Open 0x7A31C7 opened 4 years ago

0x7A31C7 commented 4 years ago

Description

I have noticed that the performance metrics (precision, recall, accuracy) of my model are different while it is in memory (just after training and before serialization) and after loading a saved version.

To Reproduce

$ cat train.py


import numpy as np
import torch
from torch.utils.data import TensorDataset, DataLoader, RandomSampler, SequentialSampler
from apex import amp
from transformers import AdamW, XLNetTokenizer, XLNetForSequenceClassification
from tqdm import tqdm
from sklearn.datasets import fetch_20newsgroups
from sklearn.metrics import classification_report
from keras_preprocessing.sequence import pad_sequences

categories = ['rec.sport.hockey', 'soc.religion.christian', 'rec.motorcycles']
remove = ('headers', 'footers')
random_state = 42
model_class = 'xlnet-base-cased'
max_len = 64
batch_size = 16
lr = 1e-4
fp16_opt_level = 'O1'

torch.manual_seed(random_state)
np.random.seed(random_state)
torch.backends.cudnn.deterministic = True
torch.backends.cudnn.benchmark = False
device = torch.device('cuda' if torch.cuda.is_available() else 'cpu')
train = fetch_20newsgroups(subset='train', categories=categories, remove=remove, shuffle=True, random_state=random_state)
test = fetch_20newsgroups(subset='test', categories=categories, remove=remove, shuffle=True, random_state=random_state)
tokenizer = XLNetTokenizer.from_pretrained(model_class)
model = XLNetForSequenceClassification.from_pretrained(model_class, num_labels=len(categories))
model.cuda()

def make_inputs(data):
    unpadded = []
    for text in data['data']:
        token_ids = tokenizer.encode(text)
        truncated = token_ids[:max_len-2] + tokenizer.encode(' ')
        unpadded.append(truncated)
    input_ids = pad_sequences(unpadded, maxlen=max_len, padding='post', truncating='post', value=tokenizer.encode('')[0])
    attention_masks = (input_ids != tokenizer.encode('')[0]).astype('int')
    return TensorDataset(torch.tensor(input_ids, dtype=torch.int64), 
                         torch.tensor(attention_masks, dtype=torch.int64), torch.tensor(data['target'], dtype=torch.int64))
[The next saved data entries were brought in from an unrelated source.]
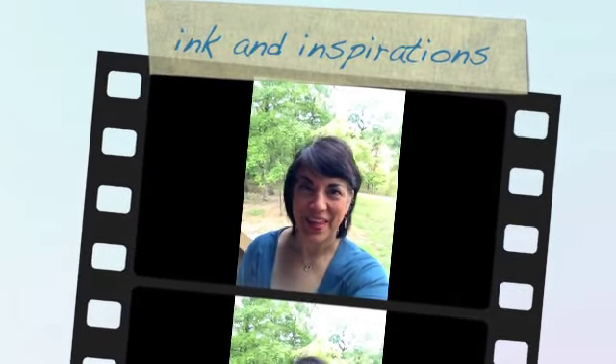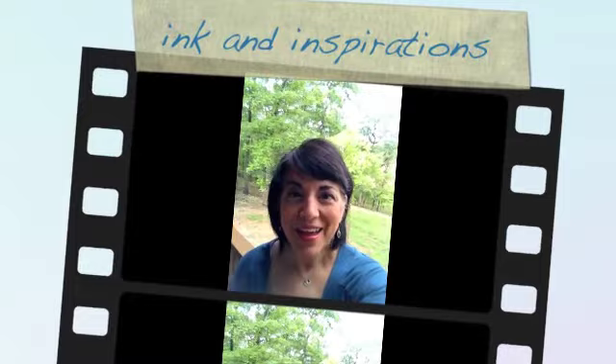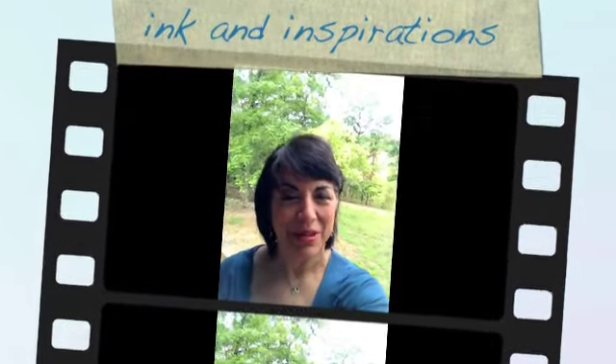Hi, everyone. It's Lisa here with Ink and Inspirations, and it's a new month with Stampin' Up. It's September 2012, and I wanted to tell you about a special that's going on this month.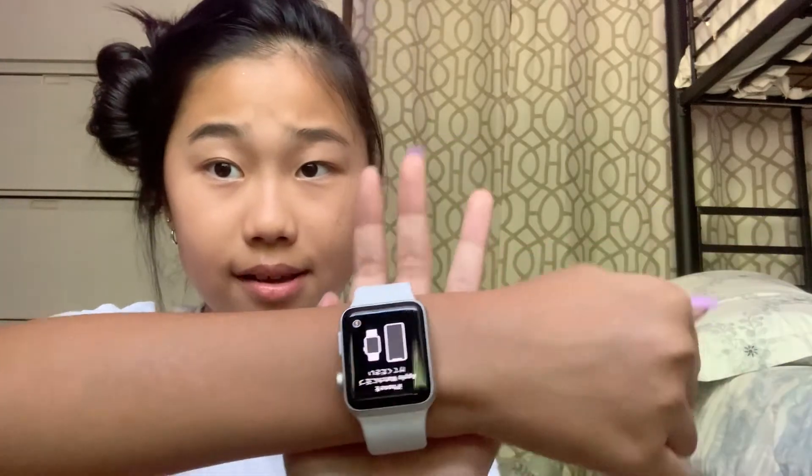Now we just have to set it up — it's really easy. I'm actually using my phone to film right now because my camera is charging. I've been so lazy lately and haven't charged my camera in like four days. After this turns on I'm going to connect it with my phone, and once it's connected, that's the setup done. We're going to wait for it to turn on. Okay it turned on — it's just telling you to connect it.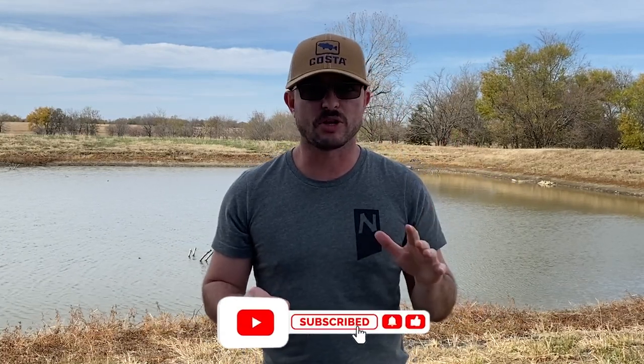I grew up in northeast Oklahoma and specifically my local lake was pretty much chocolate milk 80% of the year — it just seemed like it was always dirty. So I've got a lot of familiarity with these colors, and most of my tackle box is actually these colors because of that reason, whether I'm fishing at the lake or my ponds back here — they look like chocolate milk all the time.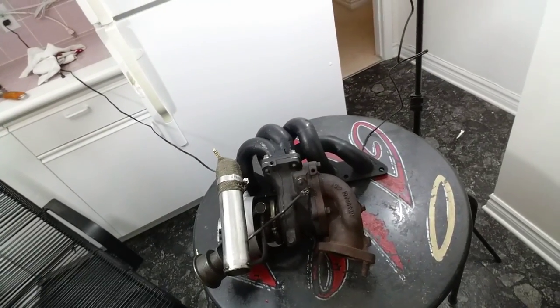So yeah, that's ready to go in. Let me just get a good shot of it there. I might change the O2 manifold up and put a screamer pipe in and make it sound crazy when it spools up, but I'm not too sure yet.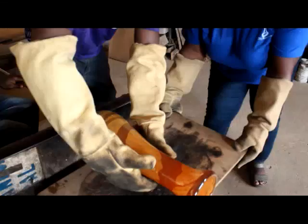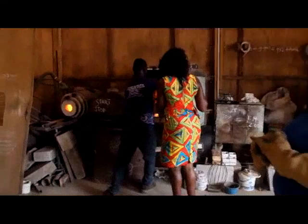Once the design is completed and molded, it is taken to the annealer to cool it over a 24-hour period. After 24 hours, the work of art is ready.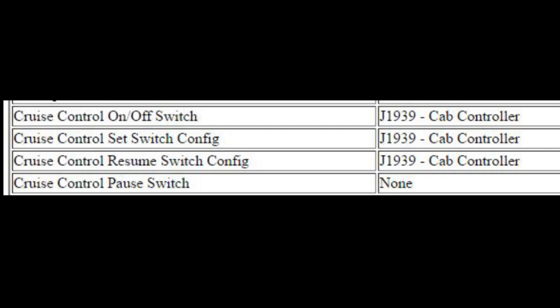On some of the newer engines that have CAP control modules — such as a lot of the regen engines — you might have a CAP controller, and you'll notice it doesn't have pin locations; it just says J1939 CAP controller. That means the ECM is not seeing the signal on these pins; it's actually communicating with another module. That would be even harder to troubleshoot because there's nothing really to test — you can't ohm out the module. You'd have to rely on CAT ET to tell you whether the module is communicating or not.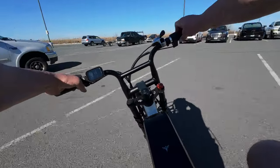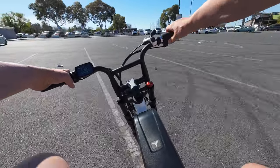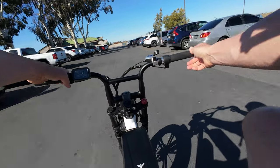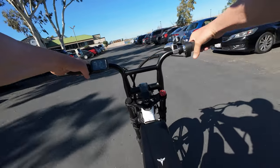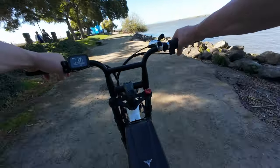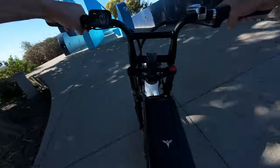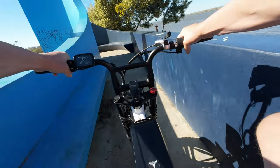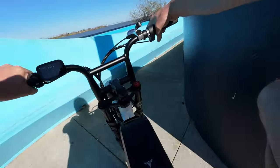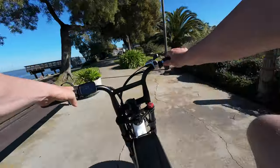Because of the pedal assist delay, I found myself using the throttle more. There's a little delay on the throttle but not much. First time using a full twist throttle on an e-bike — I wasn't sure how I'd like it hitting bumps, but I think it's fine. This bike has a 750-watt rear motor, peaks around 1,000 watts, rated at 55 Newton meters of torque. It's not going to blow you away with power, but it's quick enough to get you moving. And you can hear the brakes squealing — every bike I've ridden with mechanical brakes seems to squeal.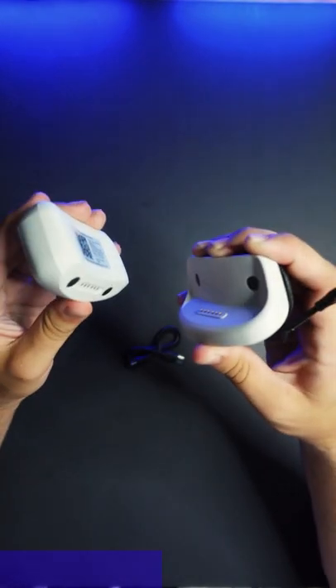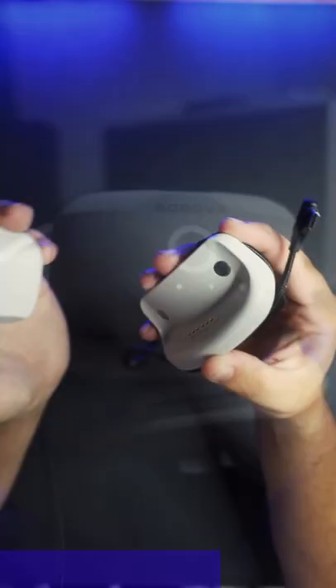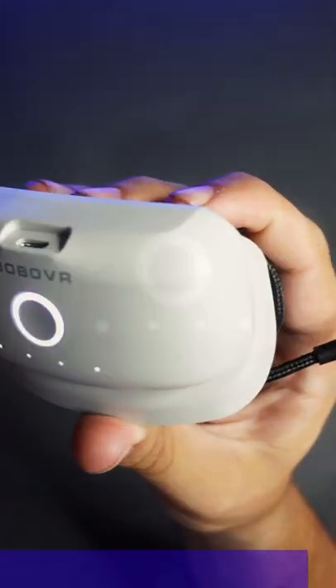And that's because it's actually two pieces. This part right here attaches to any Quest 2 headband, first party or third party. And this right here is the battery that you charge up with any Type-C cord. And when you're ready to game, all you do is attach this to the dock on your Quest.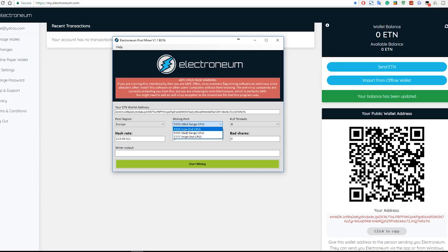You can set your region — Europe is closer for me — and select your port based on your CPU. If you have a high-end CPU you can use that port; if you have something like an i3 you can use port 3333. I have a Ryzen 1800X, so I'm going to use the high-end CPU option. I'll set the number of threads to eight and then click Start. It may say it failed at first — just give it a bit of time and it will pick up. You'll see your hash rate, total shares, and bad shares.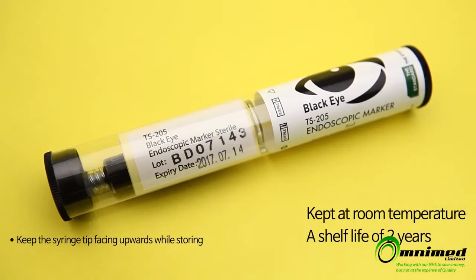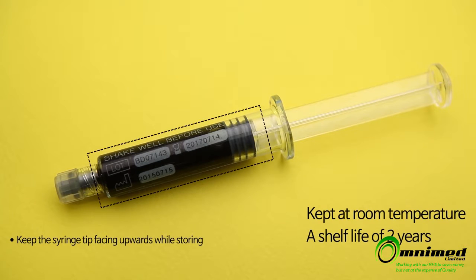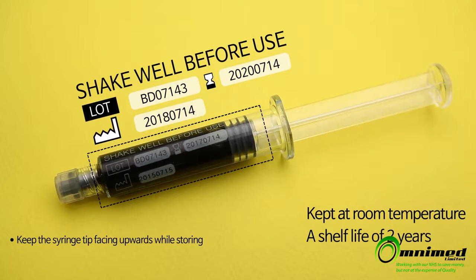Black Eye is kept at room temperature. It has a sufficient shelf life of two years. Shake well before use.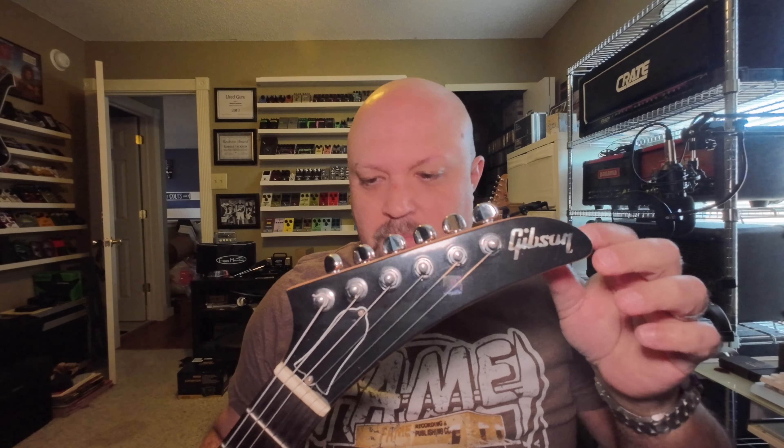They've also done it with the hockey stick or banana headstock — the headstock you typically see on most Explorers, which is what I'm holding here. Again, Gibson or Epiphone, the logo on the headstock is really the only way to differentiate from the front. They've done similar things with the Firebird and a few others, but the three-and-three headstock on Les Pauls, SGs, and ES models in the Epiphone line has always used the traditional Epiphone headstock.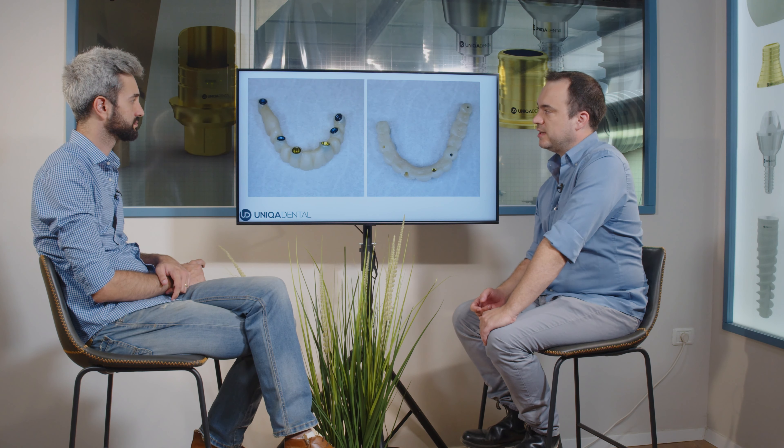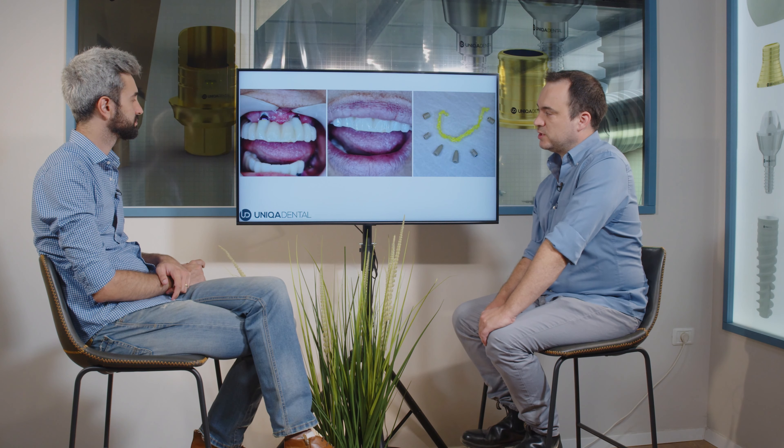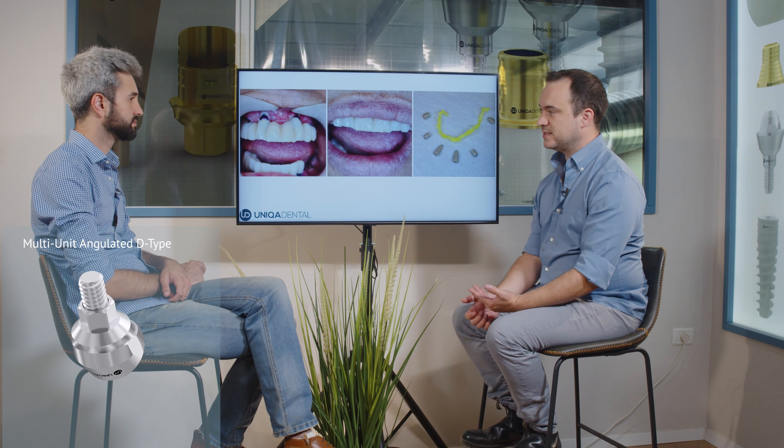This is the bridge that was eventually made — the bridge on six implants. The implants were placed in regions where we had bone and where the old implants were placed, so we didn't have much of a choice. We took the design of the old denture and using this design we designed the temporary bridge for the upper jaw. You can see the angulated multi-units sticking out of the gingiva, but we don't have any other option because the implant itself is outside the gingiva.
train_tensor = make_inputs(train)
train_sampler = RandomSampler(train_tensor)
train_dl = DataLoader(train_tensor, sampler=train_sampler, batch_size=batch_size)

test_tensor = make_inputs(test)
test_sampler = SequentialSampler(test_tensor)
test_dl = DataLoader(test_tensor, sampler=test_sampler, batch_size=batch_size)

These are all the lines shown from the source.